*WORK REQUIRED:* Starting at the first line of the data below, retype every line up to and including the one containing "Used 2021 Toyota".

*DATASET ENTRIES:*
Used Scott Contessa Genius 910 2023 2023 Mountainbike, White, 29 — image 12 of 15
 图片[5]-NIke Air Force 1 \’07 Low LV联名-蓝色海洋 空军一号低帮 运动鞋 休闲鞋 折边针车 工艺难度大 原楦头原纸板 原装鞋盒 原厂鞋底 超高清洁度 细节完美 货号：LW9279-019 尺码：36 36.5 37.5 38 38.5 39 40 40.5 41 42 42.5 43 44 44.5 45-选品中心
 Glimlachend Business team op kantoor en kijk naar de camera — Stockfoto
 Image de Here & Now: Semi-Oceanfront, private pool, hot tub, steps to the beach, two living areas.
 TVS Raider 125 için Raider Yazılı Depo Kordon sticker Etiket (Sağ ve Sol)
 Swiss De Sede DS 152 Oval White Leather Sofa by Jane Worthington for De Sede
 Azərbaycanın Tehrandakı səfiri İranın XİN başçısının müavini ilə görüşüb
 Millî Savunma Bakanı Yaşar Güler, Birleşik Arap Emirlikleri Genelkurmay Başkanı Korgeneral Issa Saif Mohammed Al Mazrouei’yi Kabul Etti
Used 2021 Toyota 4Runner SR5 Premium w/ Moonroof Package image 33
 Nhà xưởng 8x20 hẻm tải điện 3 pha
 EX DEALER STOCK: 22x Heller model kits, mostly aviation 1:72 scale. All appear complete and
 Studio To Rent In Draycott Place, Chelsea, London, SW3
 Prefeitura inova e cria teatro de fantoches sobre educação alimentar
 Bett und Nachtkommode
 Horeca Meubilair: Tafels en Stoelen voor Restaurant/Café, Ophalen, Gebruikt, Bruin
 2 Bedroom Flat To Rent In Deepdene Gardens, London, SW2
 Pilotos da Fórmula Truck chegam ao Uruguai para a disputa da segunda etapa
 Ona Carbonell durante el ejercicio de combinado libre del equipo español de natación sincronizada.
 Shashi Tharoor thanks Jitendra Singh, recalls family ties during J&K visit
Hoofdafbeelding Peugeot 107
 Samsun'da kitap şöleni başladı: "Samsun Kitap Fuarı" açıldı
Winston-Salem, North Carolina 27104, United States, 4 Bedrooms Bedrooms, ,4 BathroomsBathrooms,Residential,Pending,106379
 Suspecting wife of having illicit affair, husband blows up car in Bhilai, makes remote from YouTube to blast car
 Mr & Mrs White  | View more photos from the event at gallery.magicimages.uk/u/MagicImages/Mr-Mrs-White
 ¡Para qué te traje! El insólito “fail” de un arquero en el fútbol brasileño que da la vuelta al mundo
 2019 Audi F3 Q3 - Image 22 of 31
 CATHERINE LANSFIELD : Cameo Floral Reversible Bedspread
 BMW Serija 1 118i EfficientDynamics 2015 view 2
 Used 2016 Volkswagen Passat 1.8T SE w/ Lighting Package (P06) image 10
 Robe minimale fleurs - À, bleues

*RESPONSE BOX:*
Used Scott Contessa Genius 910 2023 2023 Mountainbike, White, 29 — image 12 of 15
 图片[5]-NIke Air Force 1 \’07 Low LV联名-蓝色海洋 空军一号低帮 运动鞋 休闲鞋 折边针车 工艺难度大 原楦头原纸板 原装鞋盒 原厂鞋底 超高清洁度 细节完美 货号：LW9279-019 尺码：36 36.5 37.5 38 38.5 39 40 40.5 41 42 42.5 43 44 44.5 45-选品中心
 Glimlachend Business team op kantoor en kijk naar de camera — Stockfoto
 Image de Here & Now: Semi-Oceanfront, private pool, hot tub, steps to the beach, two living areas.
 TVS Raider 125 için Raider Yazılı Depo Kordon sticker Etiket (Sağ ve Sol)
 Swiss De Sede DS 152 Oval White Leather Sofa by Jane Worthington for De Sede
 Azərbaycanın Tehrandakı səfiri İranın XİN başçısının müavini ilə görüşüb
 Millî Savunma Bakanı Yaşar Güler, Birleşik Arap Emirlikleri Genelkurmay Başkanı Korgeneral Issa Saif Mohammed Al Mazrouei’yi Kabul Etti
Used 2021 Toyota 4Runner SR5 Premium w/ Moonroof Package image 33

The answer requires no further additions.